Tuesday, 24 January 2012

Lisbon - Day 2. Morning

Marques de Pombal Monument

Avenida Liberdade
Avenida Liberdade

On the next day in Lisbon we had few "tasks" to fulfill. I love to travel, I love to see a lot of new places and when I say task I don't just think about mere sight-seeing and numbering the places I visited, I actually mean enjoy them. I wish I could see all my everyday obligations with the eyes of a traveler. The hotel was located at the top of the Avenida Liberdade. Avenida Liberdade is Lisbon's Champs-Élysées. This boulevard is the main avenue of the city. It runs 1.6km from Marques de Pombal Square (Marquis of Pombal was the prime minister responsible for the rebuilding of Lisbon following the Great Earthquake in 1755. The monument shows him standing on a column with his hand on a lion, as a symbol of power, and his eyes are directed to the downtown area that he rebuilt) to Restauradores Square and it's more than 90m wide. It's an elegant and beautiful promenade with fountains, cafes, hotels and shops, but what attracts the most of your attention is the decoration on its floor.
In the avenue you can also find the Monument to the Heroes of the Great War, a tribute to the 50,000 Portuguese soldiers who fought in World War I.

Restauradores Square

When we reached the Restauradores Square, a huge space appeared before us. There you can see a monument that commemorates the country's liberation from Spanish rule, that lasted for 60 years, in the 1640.
A beautifully arranged floor that looks like a chain reveals itself in front of you.
Rossio Square

Walking along we arrived to Rossio Square. The tiles there look like a rough sea and they are handwork.
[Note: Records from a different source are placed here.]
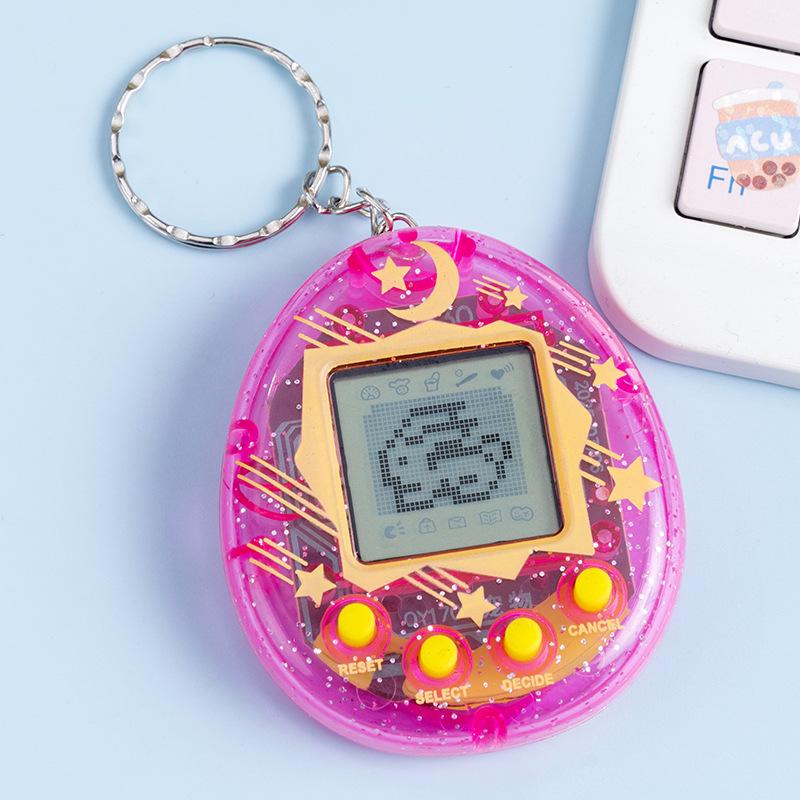 Mini Pocket Monsters Virtual Pet Keychain Game Toy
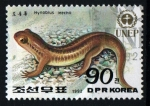 Stamps North Korea -  Día mundial Medio Ambiente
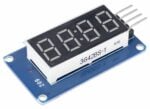 74HC595 4/8-Digit 7-Segment Display Module - Image 2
I'm really amazed by some people's love, patience and dedication to make something as beautiful and complex as these tiles.




Rossio train station
On this square you can find a railway station Rossio, a building that looks more like a museum building then like a train station. Wonderful! We stayed there enough to admire the beauty of the place and then moved on to the Santa Justa elevator.
Santa Justa elevator
Santa Justa is one of the city's best-loved landmarks and also known as the "Elevator of Carmo", this extraordinary structure was built at the turn of the century by the Portugal-born French architect Raoul de Mesnier du Ponsard a student of Gustave Eiffel, explaining the structure's similarities to Paris' Eiffel Tower, to connect downtown to Bairro Alto, the lowest and highest points of the city. At the top there is a plateau with a small cafe.

Praca Comersio and river Tagus


The view from the plateau stretches around the city center, on one side, a square Comersio and the river Tagus, on the other side overlooking the Rossio Square and opposite the elevator view at one of the seven hills of Lisbon and Sao George Castle. But that's another story.
We walked a lot so we were pretty tired, and it was a lunch time.